Sunday 20 September 2015

The Omega Factor Series One

There is a much maligned film that myself and Mrs W really enjoy, and that is Vanilla Sky, I really don’t understand why it gets such a hard time from critics; I think it is rather beautiful and I have just found out it is out on Blu Ray!
Anyhow, how is this relevant to the latest Big Finish release, well, dear reader, please read on. Vanilla Sky is an adaptation of a Spanish Language film called “Abre Los Ojos” – or in English, “Open Your Eyes” and this phrase is repeated in the remake. So thinking of all the new worlds I have been introduced to whilst reviewing Big Finish releases, I have opened my eyes, my ears and my mind to these worlds and embraced them wholeheartedly – and the latest of these worlds is “The Omega Factor”.
I will admit, until Big Finish started advertising it, I had never heard of The Omega Factor, possibly because I was only seven years old when it was broadcast, never repeated, never released on VHS, then on DVD to little fanfare, so I came to it without any expectations at all, had no frame of relevance to the original series – I was ready to have my eyes opened by Big Finish once again.

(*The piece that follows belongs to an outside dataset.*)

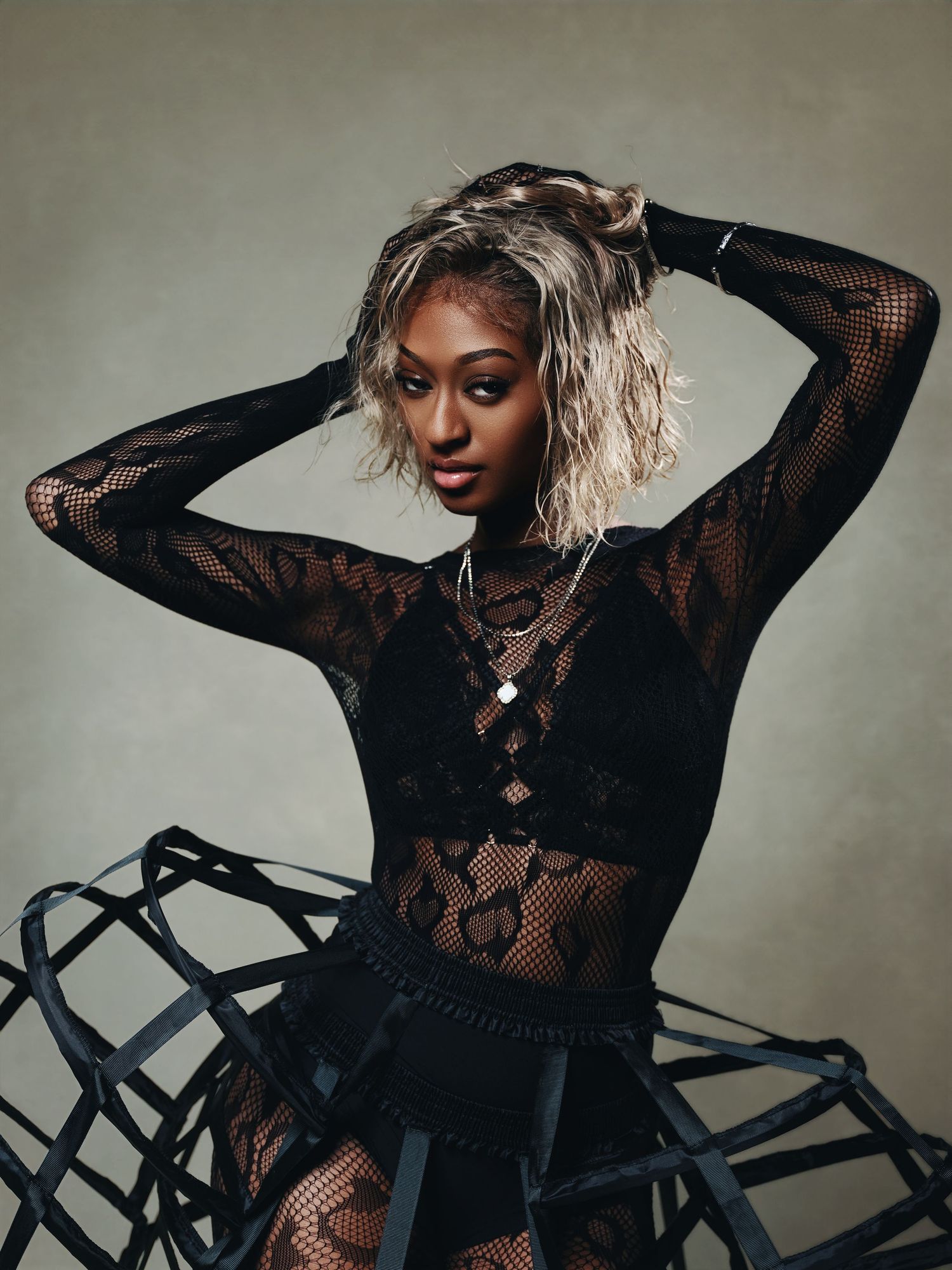 A woman in a black lace bodysuit and structured hoop skirt poses confidently with hands behind her head.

The Original series starred the late James Hazeldine as Tom Crane and Louise Jameson as Dr Anne Reynolds, they worked for Department 7 and investigated paranormal occurrences. Tom Crane discovered throughout the series that he had psychic abilities.
The Big Finish box set picks up 36 years later, Department 7 is “under review” (read being shut down) as it is not productive. Dr Anne Reynolds finds herself and her life’s work being rendered redundant, and then she bumps in to Adam Dean and things get interesting. You see Adam is the son of Tom Crane and he has been reading his late fathers reports into the cases he and Anne were involved in in the 1970’s…
The Set is made up of four loosely linked stories:
From Beyond by Matt Fitton
This story sets the scene and the tone for the box set, one word “OMINOUS” – a real sense of dread and impending doom pervades the proceedings. Desperate to keep Department 7 going, Anne revisits an old investigation she has had on the back burner. Mary McConnell is trying to contact her brother Malcolm from beyond the grave through the medium of recordings and believes she has made a breakthrough. Adam’s emerging psychic powers reveal a long hidden tragedy and force Mary to confront her past. Really heavy stuff for a season opener. Both leads are not initially likeable, Anne is obtuse, Adam is argumentative but through the events that they experience together they form a bond. The subject matter is also harrowing and it takes the more worldly experienced Adam to notice what the academic Anne cannot see, or is too caught up in her research to want to see. Interesting, but very grim.
The Old Gods by Phil Mulryne
Following a lead from Tom Crane’s investigations leads Anne and Adam to a remote community ruled of by Edmund Fennick (Terry Molloy) that has been stripped of the trappings of the modern world. Adam poses as a sufferer of electrosensitivity and is admitted to the community to investigate further. This one is pure Amicus – remote community, cult trying to summon an ancient god, psychic powers – basically the horror kitchen sink. Terry Molloy is superb as Fennick, not evil, worse, a fanatic who truly believes his world view is the right view. Really exciting stuff, again doom laden in atmosphere, but a different less personal take on horror than the previous story.
Legion by Cavan Scott
I got the feeling from listening to this one that it was a sequel to a TV episode (I looked it up, it is) and features a catatonic lady called Morag in an institution, an exorcist called Wanda Maccrum. This is good, really really good, so good that I want to see the original episode it is based on. Morag has been catatonic for over 30 years, but she is becoming active, her mind is reaching out to Adam for help. This episode is worth the entry price alone it has it all, brilliantly acted, very visual, full of genuine danger for the characters, a winner.
The Hollow Earth by Ken Bentley
Investigating disappearances of homeless people at an Edinburgh church Anne and Adam along with the Vicar and church warden are trapped in the church as a portal into hell is opened. A suitably maudlin, but compelling episode to end the set, death, murder, sacrifice, faith, revenge and a big explosion . A really deep story and thematically very similar to the first, exploring the darker more base side of human nature, not for the faint-hearted or the easily disturbed…
So four doom laden tales; I felt that the characters didn’t experience the stories but suffered through them, boy do they go through the emotional wringer Louise Jameson and John Dorney don’t put a foot wrong – world weary, panic stricken, desperate, intelligent, compassionate and that is just Louise in her first scene – this really put the actors through their paces, the material demands nothing less than a real human performance and we get it in spades from all the actors. With material that could lend itself to scenery chewing it is played completely straight and is teated with the respect that it deserves making the drama real and believable.
If I had to criticise at all, maybe it is a little slow paced, especially the last episode, but maybe this slow ponderous pace is part of the atmosphere building…
So eyes open, ears open and mind open – and wallet open as well as the DVD has been added to my wish list on a well known site named after a South American river – a great first box set and hopefully many more to come I factor in a score of 9/10.